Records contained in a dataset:
↓
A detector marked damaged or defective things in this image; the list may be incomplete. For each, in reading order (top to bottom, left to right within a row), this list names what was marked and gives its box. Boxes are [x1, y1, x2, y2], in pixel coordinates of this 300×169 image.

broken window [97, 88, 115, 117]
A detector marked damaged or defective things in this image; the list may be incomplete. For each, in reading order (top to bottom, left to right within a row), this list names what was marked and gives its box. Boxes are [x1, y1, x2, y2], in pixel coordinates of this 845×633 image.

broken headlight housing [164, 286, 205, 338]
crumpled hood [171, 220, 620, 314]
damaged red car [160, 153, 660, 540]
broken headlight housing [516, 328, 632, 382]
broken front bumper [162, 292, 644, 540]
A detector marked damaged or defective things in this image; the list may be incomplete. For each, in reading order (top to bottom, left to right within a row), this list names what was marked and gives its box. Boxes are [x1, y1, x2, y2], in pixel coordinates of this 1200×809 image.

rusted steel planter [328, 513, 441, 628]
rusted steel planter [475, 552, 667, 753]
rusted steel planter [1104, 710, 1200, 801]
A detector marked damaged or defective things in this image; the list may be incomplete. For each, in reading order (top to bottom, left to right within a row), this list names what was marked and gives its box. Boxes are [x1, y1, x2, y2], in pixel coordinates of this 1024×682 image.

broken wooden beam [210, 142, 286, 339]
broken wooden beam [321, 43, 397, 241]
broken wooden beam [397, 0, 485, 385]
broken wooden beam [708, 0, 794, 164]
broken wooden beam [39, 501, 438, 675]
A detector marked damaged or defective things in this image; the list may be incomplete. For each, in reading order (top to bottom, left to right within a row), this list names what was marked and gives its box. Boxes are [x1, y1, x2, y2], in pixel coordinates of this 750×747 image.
↑
What the task requires: The answer should consist only of the lines from the one with "this 1024×682 image." to the final line of the records above, retyped word for word.

Answer to this exercise:
A detector marked damaged or defective things in this image; the list may be incomplete. For each, in reading order (top to bottom, left to right within a row), this list names what was marked and gives its box. Boxes are [x1, y1, x2, y2], in pixel coordinates of this 1024×682 image.

broken wooden beam [210, 142, 286, 339]
broken wooden beam [321, 43, 397, 241]
broken wooden beam [397, 0, 485, 385]
broken wooden beam [708, 0, 794, 164]
broken wooden beam [39, 501, 438, 675]
A detector marked damaged or defective things in this image; the list may be incomplete. For each, in reading order (top to bottom, left to right within a row), this list names what was marked and gives its box. Boxes are [x1, y1, x2, y2], in pixel coordinates of this 750×747 image.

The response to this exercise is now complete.